But one cannot say for sure until they in fact look into the code.
Ok thanks for the info!
Sometimes, unordered maps are much faster than maps so you should choose wisely what to use
Use All on Problems you Solve with Map or Unordered Map(With Custom Hash) or gp_hash_table(With Custom Hash) And Analyze The performance.
Personally I use Map (most of the Times)
Situation 1 : Once I used Unordered Map(With Custom Hash) It gave me TLE I tried multiple Types of hashes Still It Didn't Worked. With Map It got Accepted.
TLE With Unordered Map Only (Execution Time >=2000 ms):162435874
TLE With Unordered Map + Custom hash (Execution Time >= 2000 ms):162435379
Accepted With Map (Execution Time == 702 ms):162435610
Accepted With gp hash table (Execution Time == 717 ms):162435952
Accepted With gp hash table + custom hash (Execution Time == 686 ms):162435482
Situation 2 : Once I Used Map It Gave me TLE but When I used unordered map It got Accepted.
With Experience You Will Know What To use When.
Your custom hash is lightweight and fast, but vulnerable:
Doing XOR with a random key doesn't help to safeguard against Hash DoS hacks, because this only changes the bucket number. All inserted values still go to the same hash table bucket and time complexity still degenerates to O(N). A more heavyweight custom hash (such as the one suggested by orz) is necessary for real Hash DoS resistance, but it will impact performance to some extent and this will show up in benchmarks too.
No examples for this situation 2?
Check Out This : 158081683 I Took This Custom Hash From neal's blog
Actually Situation 2 Was Long Time ago so I Kind of forgot which problem It was But I still remember What I've learned From that Problem :)
The reason for TLE in this submission is the
mpp.clear();
operation.
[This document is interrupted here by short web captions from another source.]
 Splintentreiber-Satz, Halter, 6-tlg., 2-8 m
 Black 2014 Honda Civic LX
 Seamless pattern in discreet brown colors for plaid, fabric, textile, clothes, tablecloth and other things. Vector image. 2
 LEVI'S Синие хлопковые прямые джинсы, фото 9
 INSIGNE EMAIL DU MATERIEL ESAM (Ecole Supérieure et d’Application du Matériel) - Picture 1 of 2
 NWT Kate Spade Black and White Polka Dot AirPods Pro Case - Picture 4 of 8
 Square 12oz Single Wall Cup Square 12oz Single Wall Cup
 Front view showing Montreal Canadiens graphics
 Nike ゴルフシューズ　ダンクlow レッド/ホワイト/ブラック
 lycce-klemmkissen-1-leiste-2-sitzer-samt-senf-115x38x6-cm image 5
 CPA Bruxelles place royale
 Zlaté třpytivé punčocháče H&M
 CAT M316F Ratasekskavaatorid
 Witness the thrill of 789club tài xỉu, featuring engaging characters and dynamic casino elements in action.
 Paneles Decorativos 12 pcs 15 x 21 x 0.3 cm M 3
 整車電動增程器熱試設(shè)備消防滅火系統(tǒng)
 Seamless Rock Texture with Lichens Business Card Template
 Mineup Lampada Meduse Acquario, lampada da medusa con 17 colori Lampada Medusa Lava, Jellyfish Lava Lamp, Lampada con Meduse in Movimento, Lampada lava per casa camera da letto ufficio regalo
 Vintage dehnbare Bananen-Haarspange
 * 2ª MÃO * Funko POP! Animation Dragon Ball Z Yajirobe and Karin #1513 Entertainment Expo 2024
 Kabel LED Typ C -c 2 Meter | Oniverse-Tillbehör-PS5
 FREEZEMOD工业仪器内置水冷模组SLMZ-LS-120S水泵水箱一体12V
The std::unordered_map container allocates many buckets, but never reduces their number later (see the unordered_map::rehash documentation). So every clear operation has to go over all these allocated buckets and this is very slow. A workaround is to assign an empty container instead of clearing the old one: 162486169 (218 ms).Removing custom hash makes it somewhat faster 162486256 (187 ms), but leaves vulnerable to hacks.
All of this needs to be compared to std::map 162480822 (202 ms), which is slightly faster than the use of std::unordered_map with custom hash at least for this problem.
BTW, changing
endl
to"\n"
reduces time to 202 ms: 162480822